HK USC / UMP LOWER and STOCK Conversion

Range Report #2

7/13/2005

   

First, I would like to start by saying Thank you to Sean King.  Sean asked back in January if he could be present for the second test.  After a several month delay we were finally able to have a second test and Sean was still interested in participating. 

For test 2 we were testing all the U.S. compliance parts.  The parts tested were a sear, magazine follower, and magazine base.  The sear was first tested with a 2000 cycle dry fire test and then all parts were live fired with 300 rounds of 230 grain Winchester white box ammo.  There were no malfunctions or problems while firing.  The only problem we have noted with the conversion parts is accelerated wear on the HK hammer.  This wear does not make the part unsafe but does limit it's life.  Because of this, we are suggesting this conversion only for the causal shooter.  We will begin developing another compliance part to remove the wear issue.  Our conversion sear is not used in our conversions for registered Short Barreled Rifles.  Read on below for more testing details.

 

 

 

Click above button for Test #1 results page

 

Test #2 : Complete

This test was to test all parts for this conversion.  New parts tested were a stainless sear and an aluminum magazine follower. 

 

 

 

Testing details

The first part of our test was to test the new sear for extended use.  All parts were assembled into a USC lower.  The test was preformed by pulling the trigger to release the hammer letting it fall onto a hammer stop, recocking the hammer, then releasing the trigger to reset the hammer.  This was done for a total of 2000 times. 

Hammer and sear operation was checked periodically for positive engagement.  This is done by pulling the trigger slowly and observing the hammer.  With positive engagement, before the sear releases the hammer, the hammer should start to move rearward to a more cocked position.  If the trigger is not pulled far enough to release the sear from the hammer, when the trigger is released, the hammer should move back to it's original position.  Neutral engagement is when the hammer does not move reward as the trigger is started to be pulled or the hammer does not move back to its relaxed position when the trigger is released before the sear releases the hammer.  Negative engagement is when a slight pull of the trigger will allow the sear to slip away from the hammer or when the hammer can be pushed on and it will fall without any pull of the trigger.  Both neutral and negative engagement is considered unsafe.

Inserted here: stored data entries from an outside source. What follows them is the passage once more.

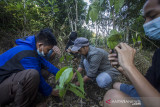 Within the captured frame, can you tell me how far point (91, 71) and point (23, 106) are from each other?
122 centimetres

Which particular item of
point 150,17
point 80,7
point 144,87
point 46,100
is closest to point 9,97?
point 46,100

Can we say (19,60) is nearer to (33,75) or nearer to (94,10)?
(33,75)

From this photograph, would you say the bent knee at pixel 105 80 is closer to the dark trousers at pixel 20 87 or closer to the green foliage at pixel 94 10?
the dark trousers at pixel 20 87

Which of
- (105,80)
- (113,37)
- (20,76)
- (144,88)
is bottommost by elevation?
(105,80)

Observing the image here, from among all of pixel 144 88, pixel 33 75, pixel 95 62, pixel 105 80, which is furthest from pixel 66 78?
pixel 105 80

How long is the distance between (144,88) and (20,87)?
1427mm

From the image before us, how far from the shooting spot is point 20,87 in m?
1.19

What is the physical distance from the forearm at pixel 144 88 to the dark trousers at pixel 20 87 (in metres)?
1.23

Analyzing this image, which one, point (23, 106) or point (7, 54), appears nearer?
point (23, 106)

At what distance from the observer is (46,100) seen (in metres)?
1.62

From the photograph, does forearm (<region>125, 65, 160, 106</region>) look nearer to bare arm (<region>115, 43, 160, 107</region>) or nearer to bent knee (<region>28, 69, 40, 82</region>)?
bare arm (<region>115, 43, 160, 107</region>)

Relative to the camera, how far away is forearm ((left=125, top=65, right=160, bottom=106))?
1.98 feet

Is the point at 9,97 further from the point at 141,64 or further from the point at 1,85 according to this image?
Result: the point at 141,64

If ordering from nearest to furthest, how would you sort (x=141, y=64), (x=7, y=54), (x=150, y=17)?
(x=150, y=17) < (x=7, y=54) < (x=141, y=64) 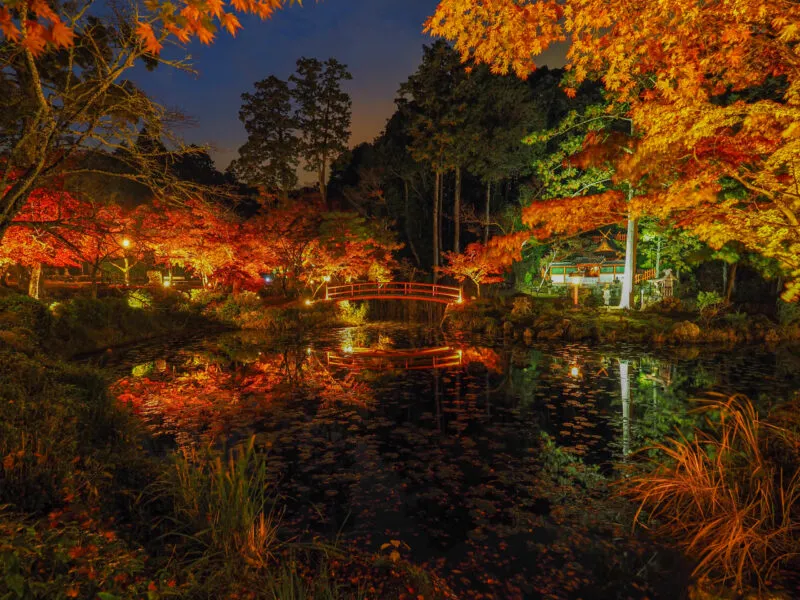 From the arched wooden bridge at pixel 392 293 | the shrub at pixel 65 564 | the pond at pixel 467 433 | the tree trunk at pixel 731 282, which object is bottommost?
the pond at pixel 467 433

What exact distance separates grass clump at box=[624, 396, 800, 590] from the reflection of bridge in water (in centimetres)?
796

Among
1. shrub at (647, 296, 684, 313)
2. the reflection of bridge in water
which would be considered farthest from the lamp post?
shrub at (647, 296, 684, 313)

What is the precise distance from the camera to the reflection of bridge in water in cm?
1248

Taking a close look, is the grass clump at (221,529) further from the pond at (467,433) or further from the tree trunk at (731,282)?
the tree trunk at (731,282)

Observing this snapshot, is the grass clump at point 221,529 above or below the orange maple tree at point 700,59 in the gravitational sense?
below

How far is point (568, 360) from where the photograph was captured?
42.9ft

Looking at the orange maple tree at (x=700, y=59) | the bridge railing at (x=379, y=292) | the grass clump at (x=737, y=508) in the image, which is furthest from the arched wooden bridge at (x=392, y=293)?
the grass clump at (x=737, y=508)

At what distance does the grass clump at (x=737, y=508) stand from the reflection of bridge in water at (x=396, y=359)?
796cm

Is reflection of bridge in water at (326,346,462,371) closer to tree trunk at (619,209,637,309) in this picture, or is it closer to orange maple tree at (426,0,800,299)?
orange maple tree at (426,0,800,299)

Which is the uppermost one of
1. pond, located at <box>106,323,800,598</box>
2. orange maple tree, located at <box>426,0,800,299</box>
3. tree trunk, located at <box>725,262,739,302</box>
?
orange maple tree, located at <box>426,0,800,299</box>

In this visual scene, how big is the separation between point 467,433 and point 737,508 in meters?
3.82

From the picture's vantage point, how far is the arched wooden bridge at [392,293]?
21734 mm

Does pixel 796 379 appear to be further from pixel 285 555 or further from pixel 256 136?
pixel 256 136

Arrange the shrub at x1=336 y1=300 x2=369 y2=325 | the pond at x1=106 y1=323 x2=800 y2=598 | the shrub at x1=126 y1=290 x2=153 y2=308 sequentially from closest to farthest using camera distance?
the pond at x1=106 y1=323 x2=800 y2=598 → the shrub at x1=126 y1=290 x2=153 y2=308 → the shrub at x1=336 y1=300 x2=369 y2=325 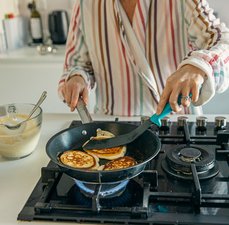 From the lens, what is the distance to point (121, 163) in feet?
2.60

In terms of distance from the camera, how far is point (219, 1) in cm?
207

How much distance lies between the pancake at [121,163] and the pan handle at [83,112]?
0.17 meters

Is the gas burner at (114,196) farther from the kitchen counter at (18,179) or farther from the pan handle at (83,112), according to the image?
the pan handle at (83,112)

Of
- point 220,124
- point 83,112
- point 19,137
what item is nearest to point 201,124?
point 220,124

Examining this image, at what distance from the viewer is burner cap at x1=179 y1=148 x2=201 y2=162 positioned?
82 centimetres

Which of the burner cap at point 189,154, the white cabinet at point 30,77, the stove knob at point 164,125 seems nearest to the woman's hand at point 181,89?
the burner cap at point 189,154

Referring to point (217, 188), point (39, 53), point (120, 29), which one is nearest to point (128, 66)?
point (120, 29)

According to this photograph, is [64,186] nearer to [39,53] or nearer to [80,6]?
[80,6]

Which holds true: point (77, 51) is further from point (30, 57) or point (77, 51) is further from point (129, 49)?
point (30, 57)

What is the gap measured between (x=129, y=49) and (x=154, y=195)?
0.56 meters

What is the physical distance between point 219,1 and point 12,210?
1.72m

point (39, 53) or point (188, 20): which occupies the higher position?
point (188, 20)

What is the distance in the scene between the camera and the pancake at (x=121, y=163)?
30.3 inches

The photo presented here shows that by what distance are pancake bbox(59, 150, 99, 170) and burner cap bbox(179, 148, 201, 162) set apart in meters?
0.18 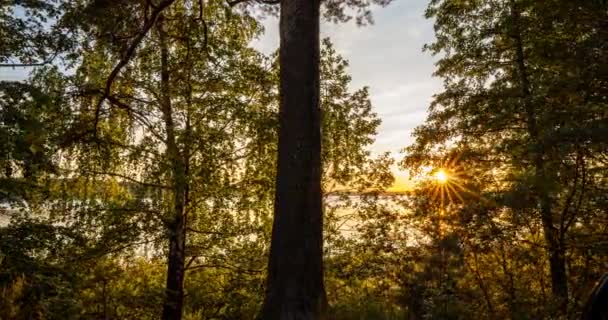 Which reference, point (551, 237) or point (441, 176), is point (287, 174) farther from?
point (441, 176)

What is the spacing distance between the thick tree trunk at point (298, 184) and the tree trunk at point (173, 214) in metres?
3.98

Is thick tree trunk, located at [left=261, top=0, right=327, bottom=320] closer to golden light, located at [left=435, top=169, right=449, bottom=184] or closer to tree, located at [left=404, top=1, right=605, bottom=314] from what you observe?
tree, located at [left=404, top=1, right=605, bottom=314]

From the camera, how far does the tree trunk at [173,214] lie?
28.4 ft

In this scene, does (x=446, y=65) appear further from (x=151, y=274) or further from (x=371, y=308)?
(x=151, y=274)

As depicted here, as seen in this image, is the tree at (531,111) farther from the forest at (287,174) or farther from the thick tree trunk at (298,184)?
the thick tree trunk at (298,184)

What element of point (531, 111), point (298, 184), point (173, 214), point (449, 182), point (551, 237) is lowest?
point (551, 237)

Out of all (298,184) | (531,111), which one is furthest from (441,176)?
(298,184)

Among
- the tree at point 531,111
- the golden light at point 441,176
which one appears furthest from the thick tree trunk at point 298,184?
the golden light at point 441,176

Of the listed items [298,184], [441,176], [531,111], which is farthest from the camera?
[441,176]

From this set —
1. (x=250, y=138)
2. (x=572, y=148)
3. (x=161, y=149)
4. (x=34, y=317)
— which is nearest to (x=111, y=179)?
(x=161, y=149)

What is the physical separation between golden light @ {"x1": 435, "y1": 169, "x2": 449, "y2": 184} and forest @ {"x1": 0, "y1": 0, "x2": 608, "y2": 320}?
0.34 ft

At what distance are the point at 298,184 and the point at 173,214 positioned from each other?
5.14m

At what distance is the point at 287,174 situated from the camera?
504 cm

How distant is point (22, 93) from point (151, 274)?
24.3 feet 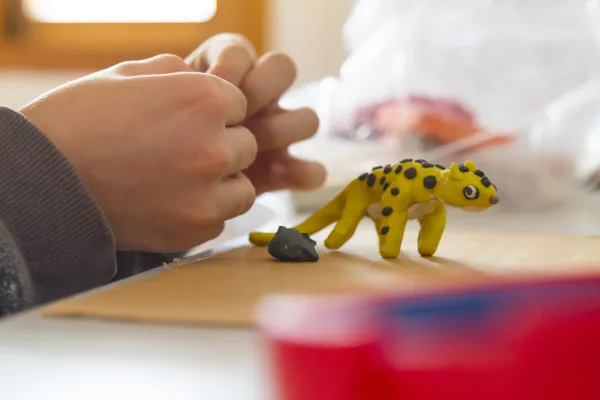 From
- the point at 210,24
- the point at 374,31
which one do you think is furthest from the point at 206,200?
the point at 210,24

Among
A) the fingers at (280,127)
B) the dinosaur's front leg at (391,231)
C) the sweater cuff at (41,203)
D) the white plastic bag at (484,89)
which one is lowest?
the sweater cuff at (41,203)

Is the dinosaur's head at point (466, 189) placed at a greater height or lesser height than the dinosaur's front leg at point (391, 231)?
greater

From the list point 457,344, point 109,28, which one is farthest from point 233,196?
point 109,28

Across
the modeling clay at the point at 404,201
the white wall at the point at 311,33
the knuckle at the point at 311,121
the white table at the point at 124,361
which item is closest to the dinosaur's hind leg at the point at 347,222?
the modeling clay at the point at 404,201

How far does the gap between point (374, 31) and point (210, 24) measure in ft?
1.93

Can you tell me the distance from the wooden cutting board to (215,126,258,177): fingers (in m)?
0.06

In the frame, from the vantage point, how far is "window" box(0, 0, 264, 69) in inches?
73.0

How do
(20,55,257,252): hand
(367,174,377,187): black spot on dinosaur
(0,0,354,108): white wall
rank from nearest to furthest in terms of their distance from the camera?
(20,55,257,252): hand < (367,174,377,187): black spot on dinosaur < (0,0,354,108): white wall

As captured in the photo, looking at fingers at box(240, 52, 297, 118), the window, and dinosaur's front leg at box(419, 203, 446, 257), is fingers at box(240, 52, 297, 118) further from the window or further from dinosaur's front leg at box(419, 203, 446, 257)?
the window

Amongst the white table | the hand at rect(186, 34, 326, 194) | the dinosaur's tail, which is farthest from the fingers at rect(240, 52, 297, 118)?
the white table

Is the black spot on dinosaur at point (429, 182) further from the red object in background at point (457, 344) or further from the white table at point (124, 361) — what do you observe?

Engagement was checked every 100 cycles for the first 1000 cycles of the test.  During the last 1000 cycles, engagement was checked every 50 cycles.  At no time did the hammer and sear show anything but positive engagement.  By the end of the test the distance the trigger had to be pulled for the sear to release the hammer had been reduced.  At no time during testing was the hammer and sear deemed unsafe.

After dry cycles were complete, the sear just tested and a new hammer were installed into a converted UMP lower assembly and tested with a fully converted USC.  During the 300 round test, no problem of any kind was experienced.

 

Hammer wear

To the left is a photo of 3 hammers.  The one to the left is a new hammer. 

The hammer in the middle is from the 300 round live fire test.  You can already begin to see wear on the sear notch.

The hammer on the right is from the 2000 dry cycle test.  You can see just how worn the sear notch has become.  Although this hammer never showed any unsafe action during testing, the amount of wear will result in a shorter useful life when using our sear as compared to using an HK sear.